I hope you have some success with this. Please let us know how it turns out. If you still don't get much of a result, it could be due to other factors (ie. bad bark). Like I said, I got almost the same exact result from my first extraction. At the very least it looks like you've got a little bit to experiment with. Have fun!

Well, as advised I just completed some more pulls on the same soup and again the results were disappointing. I re-used the naptha from my original pulls.This time round the spice i was left a little off white, not yellow but no where near as white as the spice from the first round of pulls.

My scales arrive today and when i weighed my goods it came to about 0.2 from 100g ACRB...(dont have an exact weight because i sampled some of my goods the other night)

I guess I just have bard bark, maybe its trunk no root bark?
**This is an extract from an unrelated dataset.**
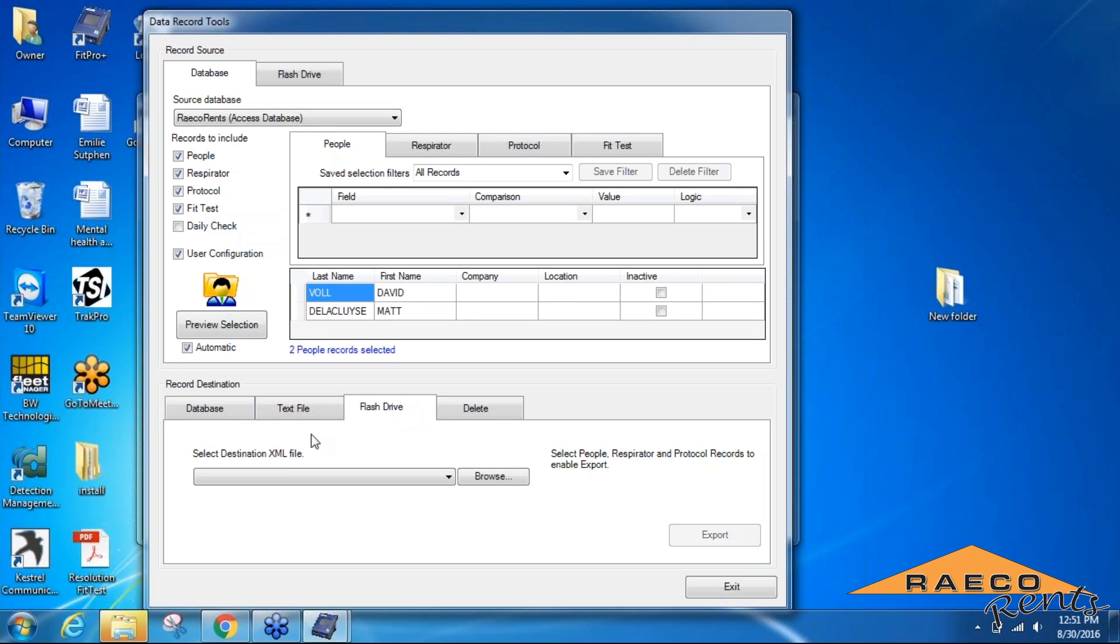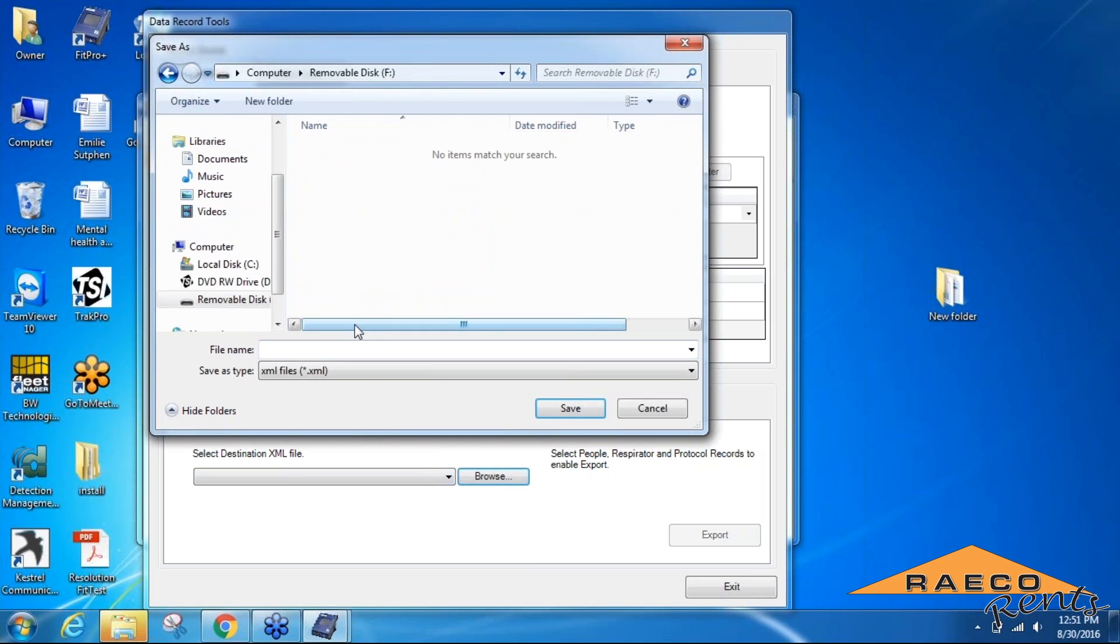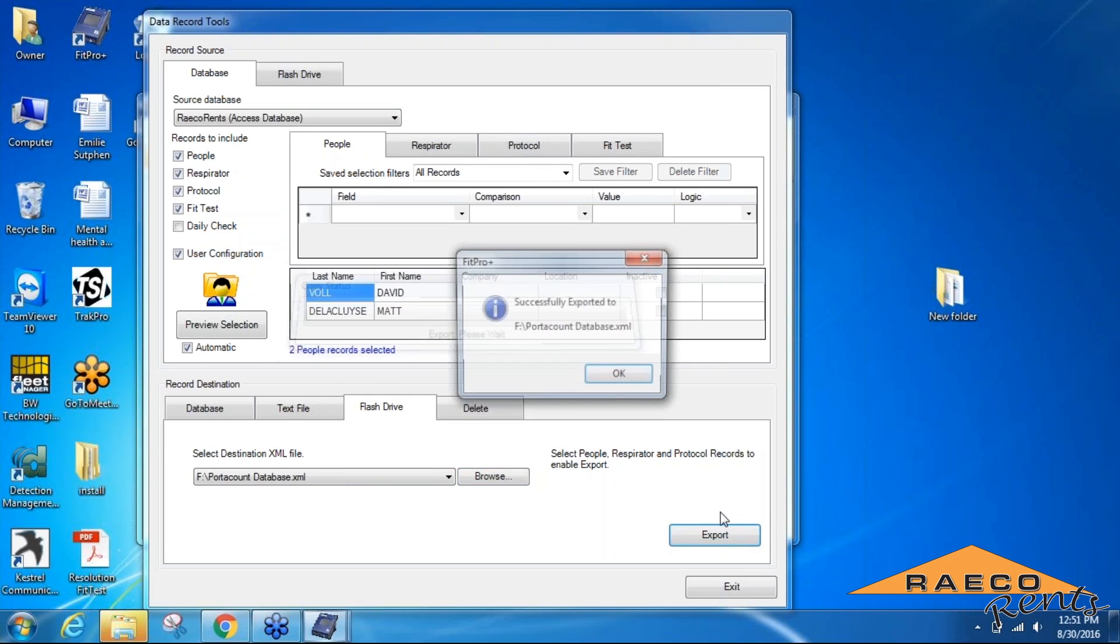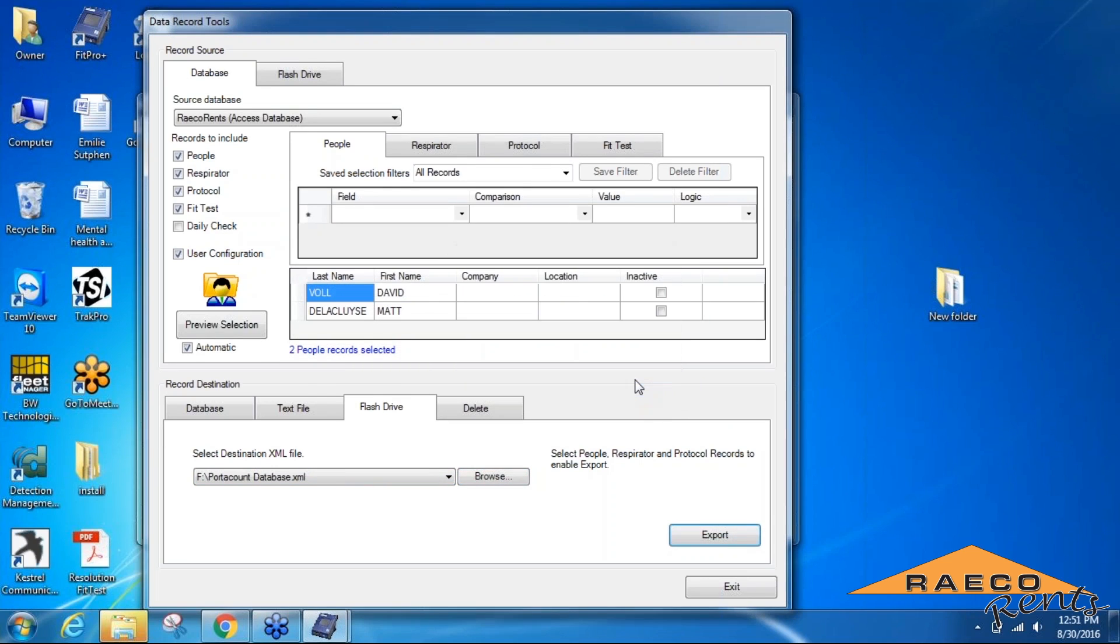Once you verify that that's all in there, we'll change the record destination to flash drive. We'll look for our removable disk and save this as a port account database. Once you have that, go ahead and hit the export button, and that'll save everything to the flash drive. When you turn on the port account with the flash drive connected, all of the information is available on the port account.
I think I will try one more 100g gram extraction. This time round I will have a ph meter so i will make sure the all ph's are in check. If i dont see any better results i might just do one large extraction with what will be left, about 600g using the acid boil method https://www.dmt-nexus.me...aspx?g=posts&t=44251

It could be low yielding bark, which is always a possibility. The acid cook is very time consuming, but worth a try. Just remember to keep your combined basified tea warm as well as your solvent. Good that you have a pH meter now, so that you can be more precise. You didn't mention anything about how your spice was that you sampled

Look When I started out I made that many mistakes it wasn't funny , it also cost me a fortune and untold amount of frustrating hours thinking ohh it must've been my water bath was to hot - cold !!!!! ,, my scale musta been wrong and I put 48g salt instead of 55 g !!!!!!! , all this stuff went around my head I couldn't handle it any longer ,, but there was one person that said EW you're technic is sound it has to be you're bark , but I said no I tried two different batches !! But still cyb kept saying its you're bark .... so I tried another batch doing the same old routine and when I checked in the morning I had a huge big crusty bunches on spice , I couldn't believe it woooo I was so happy , so fast forward 12+ months and over 25-35 extractions later doing extractions just by eye and get the same results they vary in yields but there successful , these extractions ppl are so simple they truly are hard to mess up ...... as long as you keep the order of the chemical reactions and procedures it will work , don't stress the small stuff

I agree with you, fortunately I have not had any screw ups from day 1 due to everything I had read on here, and I find it amazing that others still struggle with extractions. I'm like you after doing so many I just eyeball my measurements, maybe check pH periodically, and proceed as usual. I can smell when it's there and when it's not. Your yield will vary greatly that's why I tried a few different sources before settling with one. Now I keep a stock pile from that source because I know it's generally decent. Extract when necessary. Practice will make perfect, you'll get a feel for it after doing several.